Carroll O. Alley, Jr. was born in Richmond, VA to Carroll Overton Alley, Sr. and Mittie Points Alley on June 13, 1927. Alley attended John Marshall High School, where he was a swimmer, choir member, and Cadet Corps First Captain and Regimental Commander of A Company. He earned a B.S. in mathematics and physics from the University of Richmond in 1948, and returned there in 1951-’52 as a physics instructor.

Alley attended Princeton University, earning a master's degree (1952) and PhD (1962) in Physics. From 1954 to 1960, he was an instructor and lecturer in both Electrical Engineering and Physics at Princeton, where he met and married his late wife, Elizabeth (Slack) Delany Alley. His daughter Frances Alley Kruger was born in Princeton in 1955.
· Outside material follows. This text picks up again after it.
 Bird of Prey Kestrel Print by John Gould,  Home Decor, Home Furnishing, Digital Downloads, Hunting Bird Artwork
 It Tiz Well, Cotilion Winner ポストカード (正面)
At Princeton, Alley studied electrical engineering as well as theoretical and experimental physics. He was greatly influenced by the work of Eugene Wigner and John Archibald Wheeler. His PhD dissertation developed new methods of detecting the ground state hyperfine transition in optically-pumped rubidium vapor for the type of atomic clock invented by Princeton professors Robert Henry Dicke—Alley’s thesis advisor—and Thomas R. Carver. This type of atomic clock was later used in the U.S. Global Positioning System and the European Union’s Galileo Global Positioning System.

Alley initiated laser physics research at the Institute of Optics and the Physics Department of the University of Rochester, where he was an assistant professor of physics and optics from 1960 to 1963. His daughter Margaret Alley Seymour was born in Rochester in 1961. In 1963 Alley was recruited to the University of Maryland, College Park Campus, by John S. Toll, then-chair of the Department of Physics and Astronomy.

For most of his career—more than 40 years—Alley served as professor of Physics and director of the Quantum Electronics Research Group at the University of Maryland. He taught and conducted research at Maryland from 1963 to 2008, at which time he was granted Professor Emeritus status—a post he held until his death on February 24, 2016.